RASTOUL. Il y a huit jours, j’ai pris la parole pour vous déclarer que nous marchions vers cette dictature que vous vouliez éviter. On a nommé neuf membres ; je m’y suis opposé, je demandais qu’il n’y en eût que trois, cinq au plus. Vous leur auriez donné le nom de Dictature, de Comité de Salut public, peu importe, mais ils auraient eu pleins pouvoirs J’appuie donc la proposition d’un Comité de Salut public. Ma proposition se distingue de celle du citoyen Miot, en ce sens que je voudrais que la dictature fût confiée à trois membres et non à cinq.

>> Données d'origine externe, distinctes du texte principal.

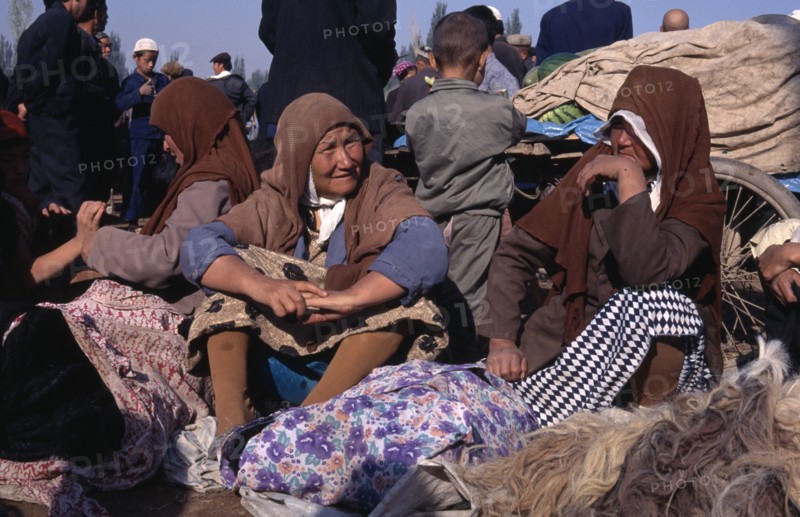 CHINA, Xinjiang, Kashgar, Women sitting with bundles of clothing at the Sunday Market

BILLIORAY. Je veux le Comité de Salut public. Déjà, le lendemain de la proposition Delescluze, j’avais présenté un projet semblable. Il ne nous faut pas de dictature à la guerre. Dans cette partie du service, on se moque véritablement de la Commune, en ne tenant pas compte de ses décisions. Non seulement nous marchons à la dictature d’un seul, mais encore à la dictature incapable. Si une dictature pouvait nous amener plus sûrement le triomphe, peut-être l’accepterais-je.

(Protestations.)

BILLIORAY. Mais l’administration de la Guerre est l’organisation de la désorganisation. Il nous faut un comité souverain pour faire marcher tous ces services.

BABICK. Je ne veux pas pour la Commune d’autre dictature que celle de la Commune elle-même. La Commission exécutive aurait, en effet, le droit d’être blessée de la proposition: s’il y a des hommes incapables, qu’on les remplace par d’autres; mais je m’oppose à la dictature d’une commission de trois, cinq ou neuf membres. Que la situation soit sauvée par la Commune elle-même, et non par un Comité de Salut public.

LANGEVIN. Mon avis est que nous nous attachons trop aux mots. Quant à moi, examinant la proposition Miot, je la trouve impraticable. Avec la Commune, agissant comme maintenant, un Comité de Salut public sera entravé. Depuis huit jours, que voyons-nous ? L’assemblée nommant des commissions, et ensuite apportant ici tous les détails de leur travail, et ne s’en rapportant pas à ceux qu’elle a nommés, discutant la façon dont on s’y prend pour exécuter le travail. Quand vous aurez nommé une Commission exécutive, appelée Comité de Salut public, les mêmes faits se reproduiront.

(Interruptions.)

LANGEVIN. J’ai été le premier à constater que la Commission exécutive était défectueuse. Les chefs éprouvent des empêchements à se réunir. Je crois qu’il serait parfaitement utile de nommer une commission chargée de prendre les mesures nécessaires, mais j’ai une conviction profonde, qui m’est personnelle, cette commission ne pourrait pas mieux agir que les autres.

(Bruits.)

MEILLET. Je me rallie tout à fait à la proposition du citoyen Miot. Il y a des mesures énergiques à prendre, et ces mesures ne peuvent être prises que par une commission spéciale, qui ne soit pas entravée par des détails d’administration. Je demande que ce Comité de Salut public soit nommé, afin de centraliser tous les pouvoirs. Je ne veux pas que ce soit une menace pour les membres de cette assemblée, et je trouve que la Commission exécutive a bien tort de se formaliser de cette nouvelle commission, qui ne serait pour elle, en définitive, qu’une garantie, qui assumerait sur elle toute la responsabilité et mettrait à couvert la Commission exécutive elle-même.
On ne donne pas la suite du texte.